II - RECUSO DE REVISTA
1. CONHECIMENTO
Atendidos os pressupostos extrínsecos de conhecimento, passo à análise dos requisitos intrínsecos de admissibilidade do recurso de revista.
1.1. EXECUÇÃO. INDEFERIDO O PEDIDO DE CONCESSÃO DOS BENEFÍCIOS DA JUSTIÇA GRATUITA NA FASE DE CONHECIMENTO. RENOVADO O PEDIDO NA EXECUÇÃO. AUSÊNCIA DE COISA JULGADA. POSSIBILIDADE DE REITERAÇÃO DO PEDIDO. APLICAÇÃO DO PRECEDENTE VINCULANTE Nº 21 DA TABELA DE RECURSOS DE REVISTA REPETITIVOS. TRANSCENDÊNCIA POLÍTICA RECONHECIDA.
Em face das razões consignadas no exame do agravo de instrumento, conheço do recurso de revista quanto ao tema, por violação do art. 5º, LIV, da Constituição da República.
2. MÉRITO
2.1. EXECUÇÃO. INDEFERIDO O PEDIDO DE CONCESSÃO DOS BENEFÍCIOS DA JUSTIÇA GRATUITA NA FASE DE CONHECIMENTO. RENOVADO O PEDIDO NA EXECUÇÃO. AUSÊNCIA DE COISA JULGADA. POSSIBILIDADE DE REITERAÇÃO DO PEDIDO. APLICAÇÃO DO PRECEDENTE VINCULANTE Nº 21 DA TABELA DE RECURSOS DE REVISTA REPETITIVOS. TRANSCENDÊNCIA POLÍTICA RECONHECIDA.

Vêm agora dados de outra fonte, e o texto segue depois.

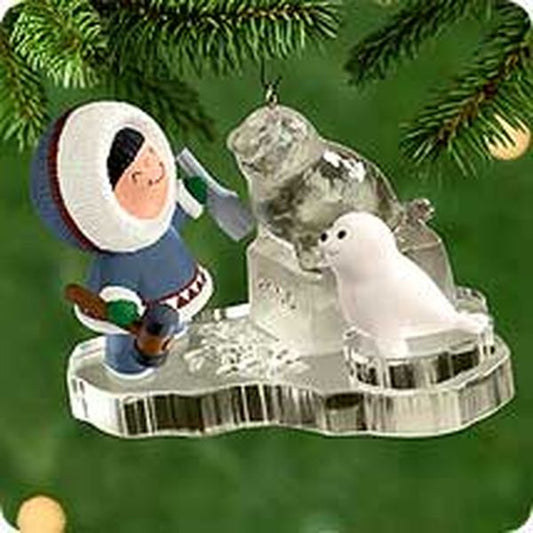 Aunt Krismas 'Ice Sculpture' ornament by Ed Seale. Year: 2000 - Frosty Friends series #21. 'Mint In Box' condition.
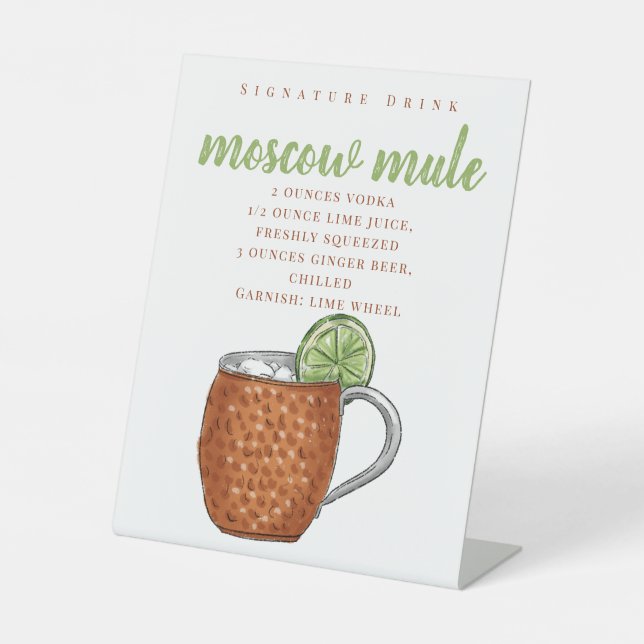 Moscow Mule Recipe Signature Drink  Pedestal Sign (Front)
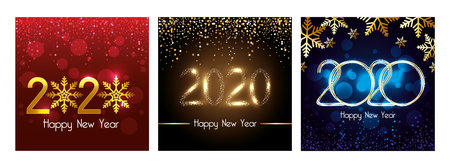 Happy new year 2020 design, Welcome celebrate greeting card happy decorative and celebration theme...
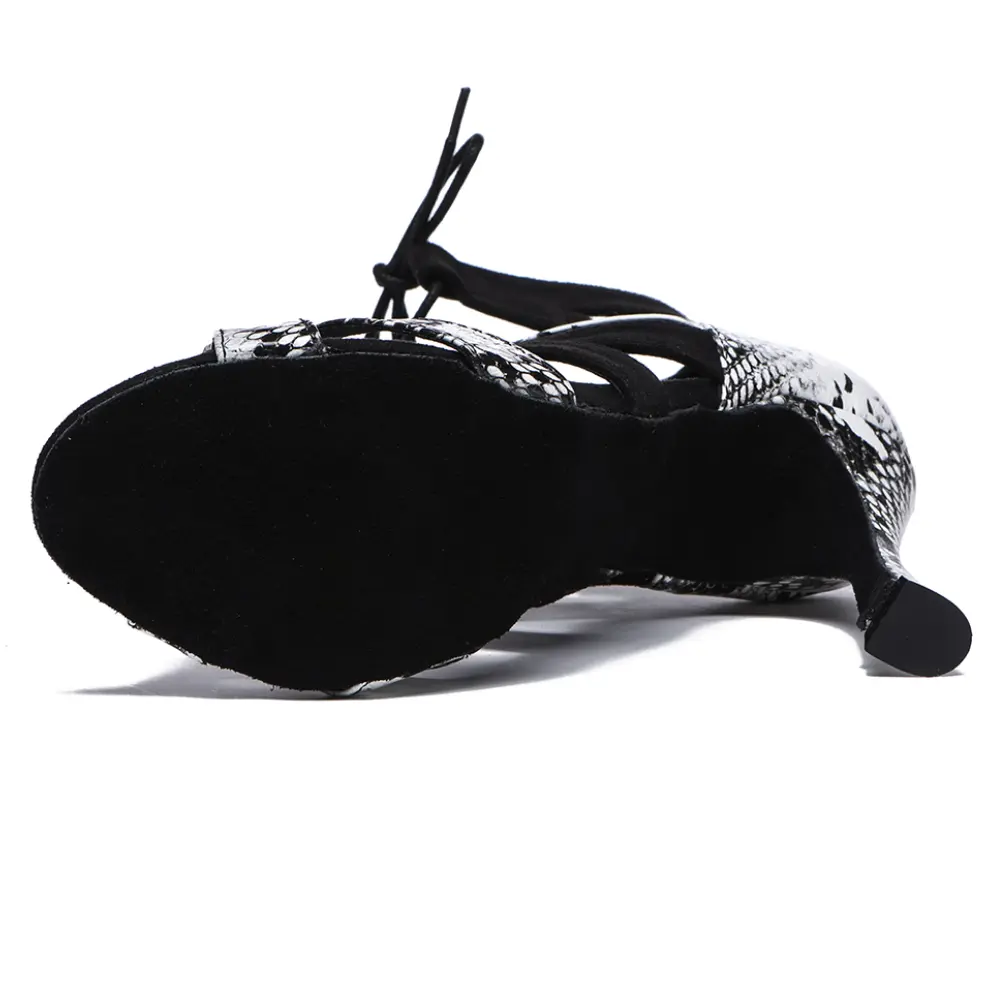 Women Latin Dance Shoes Black High-Heeled Party Shoes Ballroom Dance Boots Performance Dance boots Tango Salsa Dancing shoes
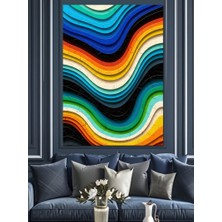 Karizma Tablo Çok Renkli Soyut Dalga Çizgileri Dekoratif Kanvas - Mdf Ahşap Tablo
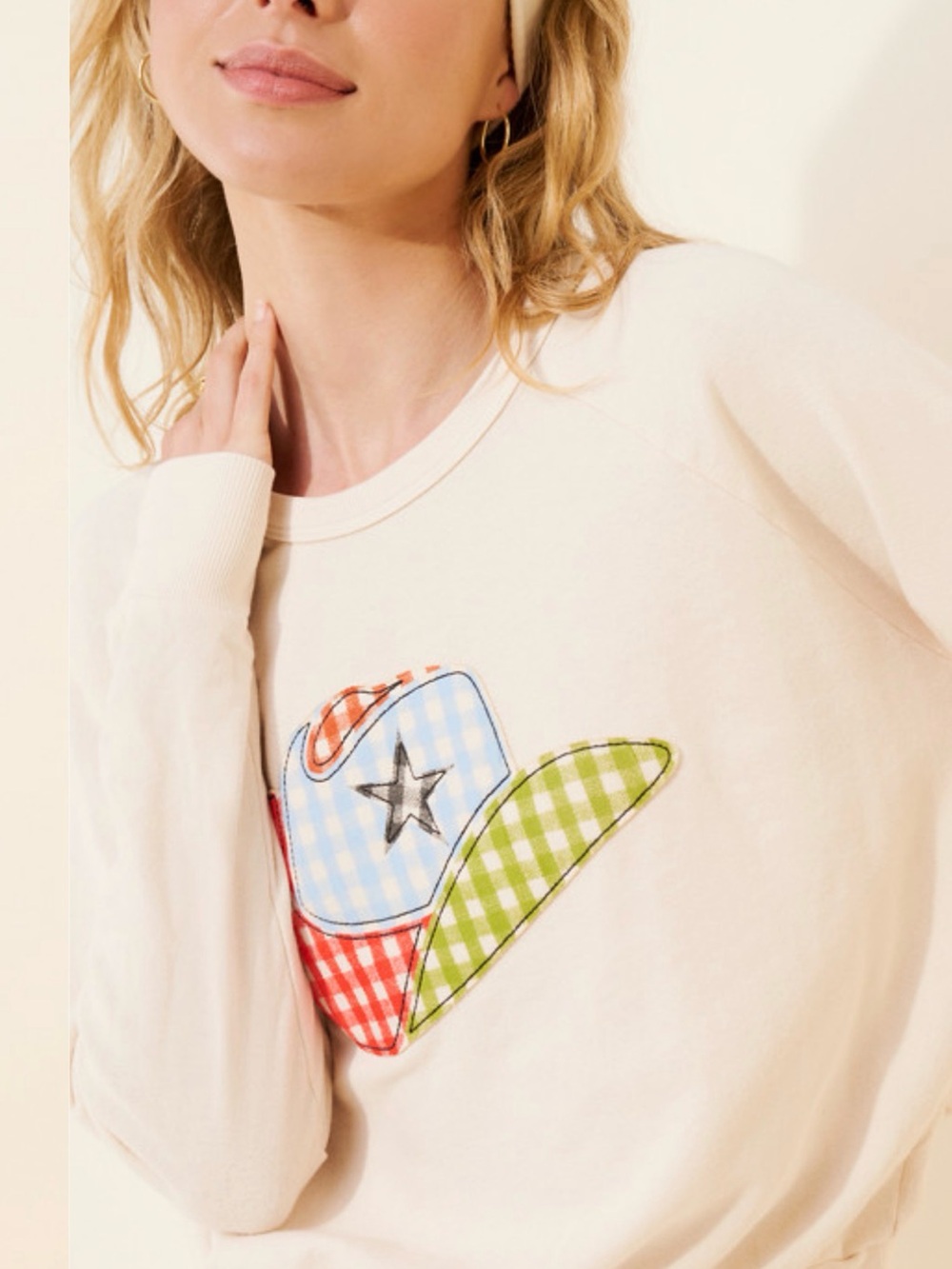 NWOT Daydreamer Cream Cowboy Hat Patchwork Sweatshirt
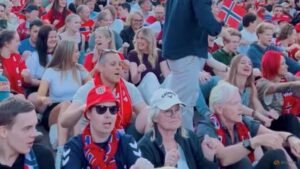 Mass ‘Viking row’, uprooted plants and dented trains as Norway World Cup fans celebrate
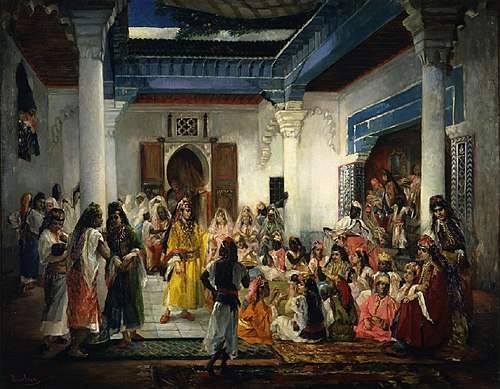 Fiesta de natalicio en Tánger o Los baños árabes, 1876, Alejandrina Gessler Shaw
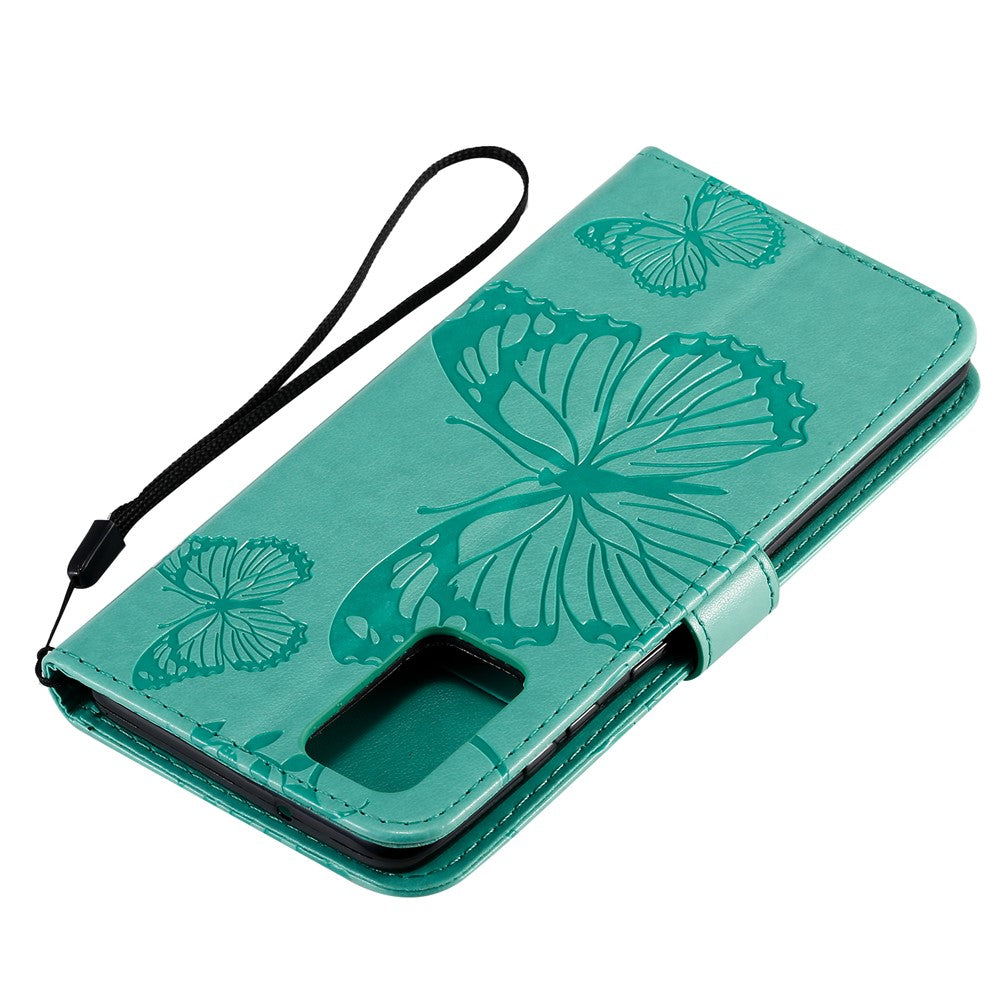 For Samsung Galaxy S20 Plus Wallet Case Floral Butterfly Imprinted Leather Phone Cover Stand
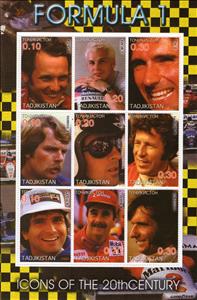 Mini Sheet, Formula I Icons of the 20th Century, Tajikistan,  , Famous People, Formula One, Racing Drivers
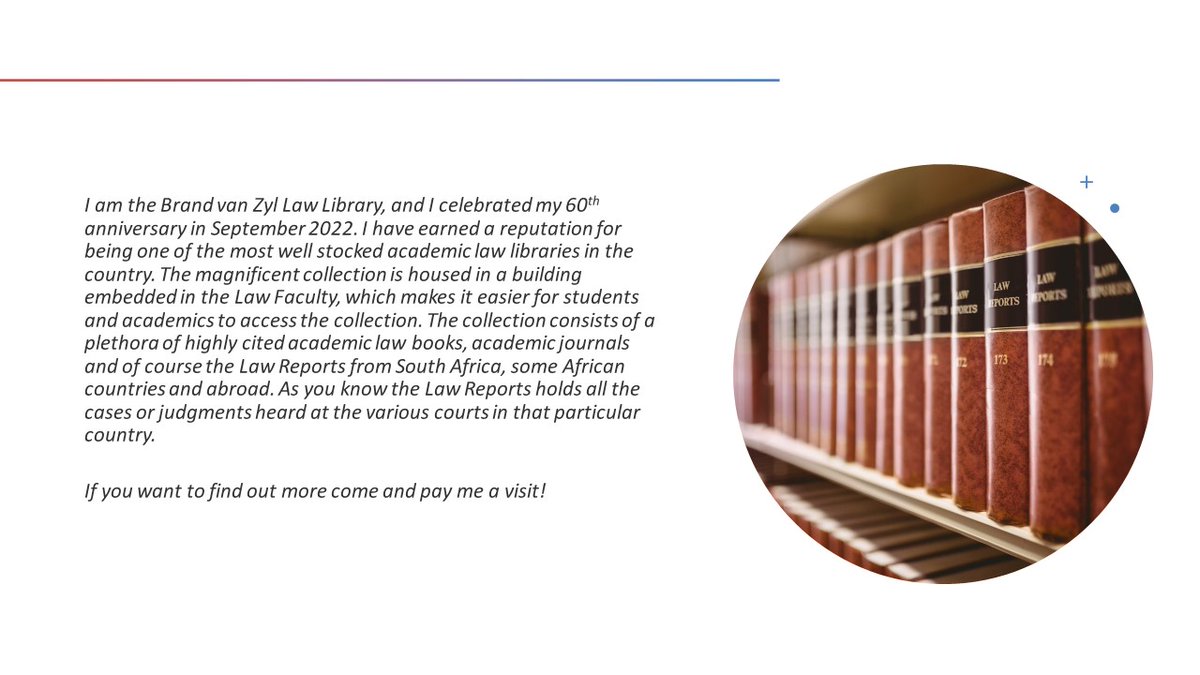 UCTLibrary's tweet photo. South African Library Week 2023: 
Libraries: telling powerful stories. UCT Libraries:  @LawLibraryUCT  telling their story ... #salw2023 #powerfullibrarystories #beVisible #uctlibraries 
@LIASANews https://t.co/oubjkvLB9E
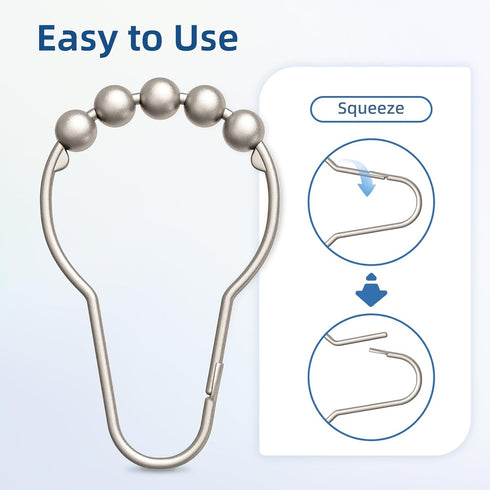 Titanker Shower Curtain Hooks Rings, Rust-Resistant Metal Shower Curtain Hooks for Bathroom Shower Rods Shower Hooks Shower Rings for Curtain - Se...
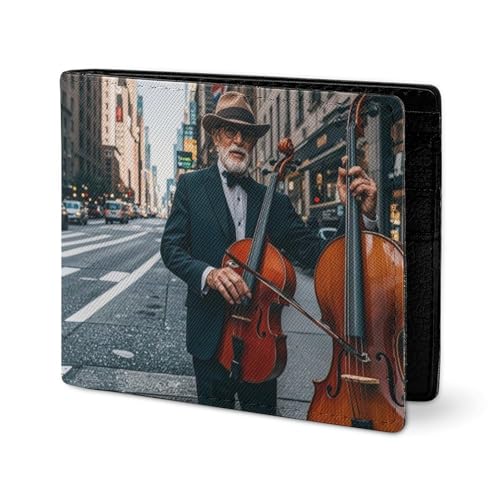 Street Singer And Double Bass Player Wallet Elegant Leather Wallets with ID Window & 2 Card Slots, Slim Bifold Wallet for Men Women2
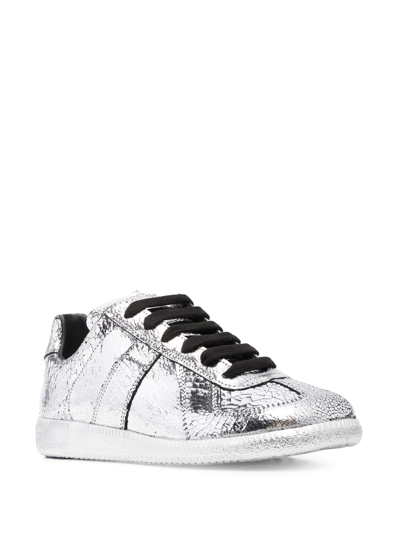 Maison Margiela Metallic Low-top Sneakers Rubber Sole In Grey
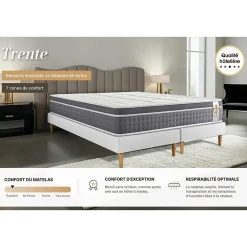 Litier Deluxe Ensemble Ressorts ensachés et mémoire de forme de confort Equilibré avec sommier tapissier* Ensemble Sommier Et Matelas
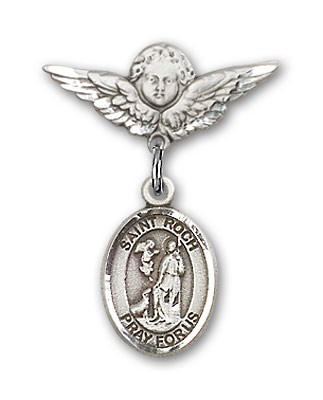 Pin Badge with St. Roch Charm and Angel with Smaller Wings Badge Pin - Silver tone
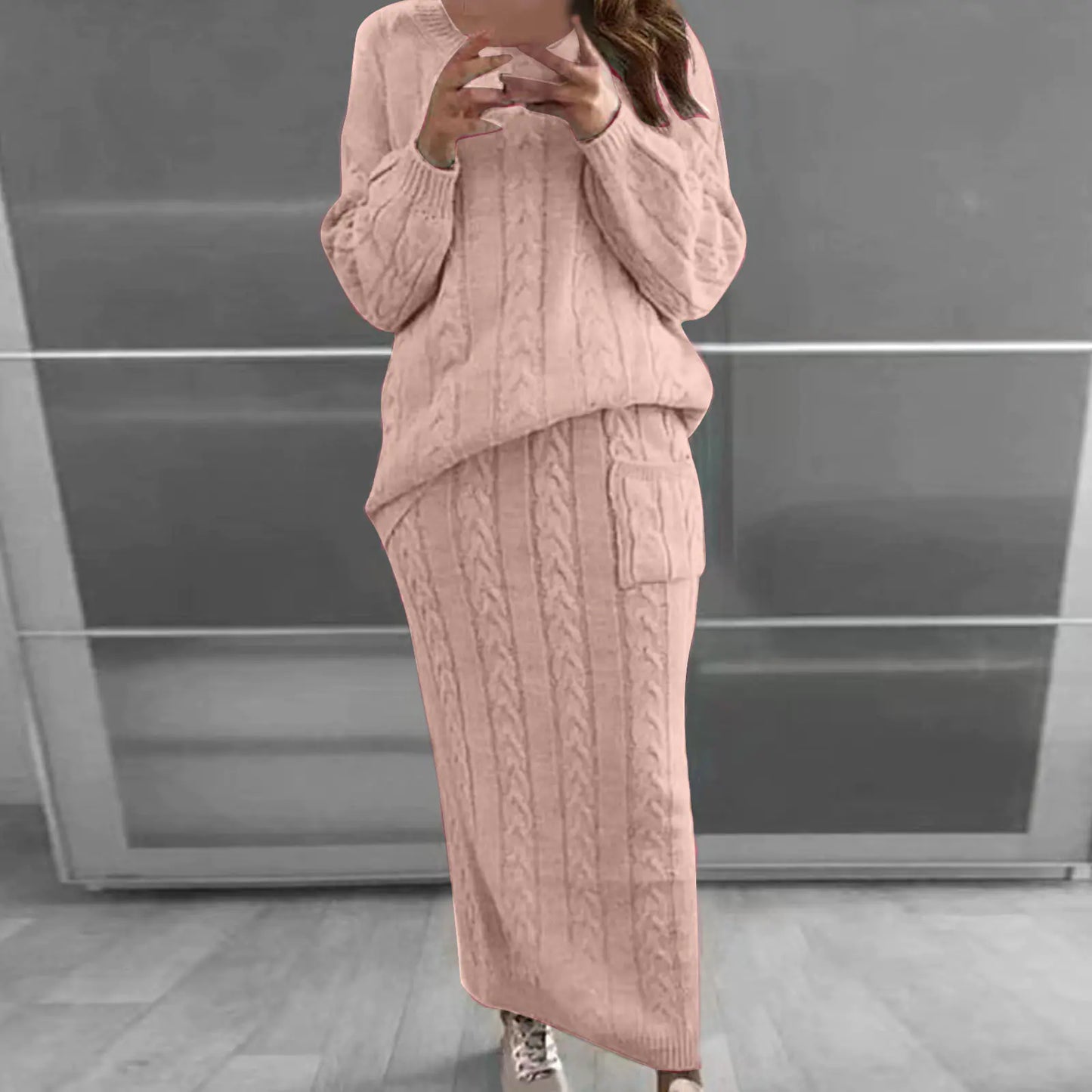 Autumn Winter Women's Fashion Sweater Dress Set
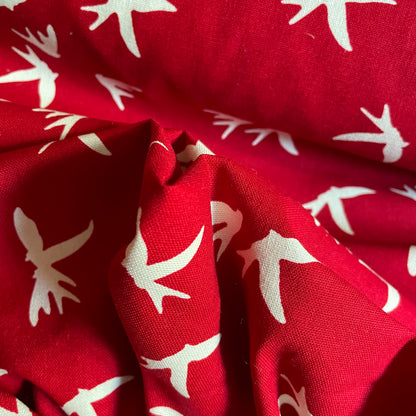 Red and Ivory Bird Cotton Canvas Fabric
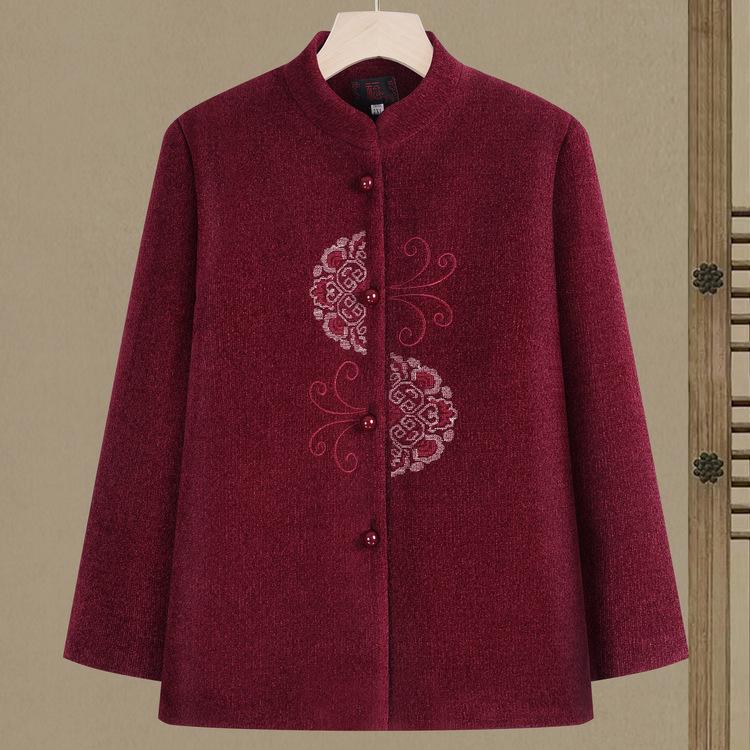 

Осенне-зимняя куртка со стойкой воротником для пожилых людей, одежда Тан, женская, для мамы, весенне-осенний кардиган, топ 5XL красный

Em decorrência do reconhecimento da ofensa ao art. 5º, LIV, da Constituição da República, dou provimento ao recurso de revista para deferir à parte reclamante os benefícios da justiça gratuita, estando, por decorrência lógica, isento do recolhimento de custas processuais e, nos termos do art. 791-A, caput e § 4º, da CLT, bem como suspensa a exigibilidade imediata da cobrança de honorários advocatícios em face da parte autora, beneficiária de justiça gratuita, conforme entendimento do STF na ADI 5766, somente podendo ser executada se, nos dois anos subsequentes ao trânsito em julgado da decisão que a certificou, o credor demonstrar que deixou de existir a situação de insuficiência econômica, extinguindo-se, ultrapassado esse prazo, a obrigação.
ISTO POSTO
ACORDAM os Ministros da Sétima Turma do Tribunal Superior do Trabalho, à unanimidade: (a) conhecer do agravo de instrumento e, no mérito, dar-lhe provimento para determinar o processamento do recurso de revista; e (b) reconhecer que o tema "execução. indeferido o pedido de concessão dos benefícios da justiça gratuita na fase de conhecimento. renovado o pedido na execução. ausência de coisa julgada. possibilidade de reiteração do pedido. aplicação do precedente vinculante nº 21 da tabela de recursos de revista repetitivos" oferece transcendência e, em relação ao tema, conhecer do recurso de revista, por ofensa ao art. 5º, LIV, da Constituição da República, e, no mérito, dar-lhe provimento para deferir à parte reclamante os benefícios da justiça gratuita, estando, por decorrência lógica, isento do recolhimento de custas processuais e, nos termos do art. 791-A, caput e § 4º, da CLT, suspensa a exigibilidade imediata da cobrança de honorários advocatícios em face da parte autora, beneficiária de justiça gratuita, conforme entendimento do STF na ADI 5766, somente podendo ser executada se, nos dois anos subsequentes ao trânsito em julgado da decisão que a certificou, o credor demonstrar que deixou de existir a situação de insuficiência econômica, extinguindo-se, ultrapassado esse prazo, a obrigação. Brasília, 21 de agosto de 2025.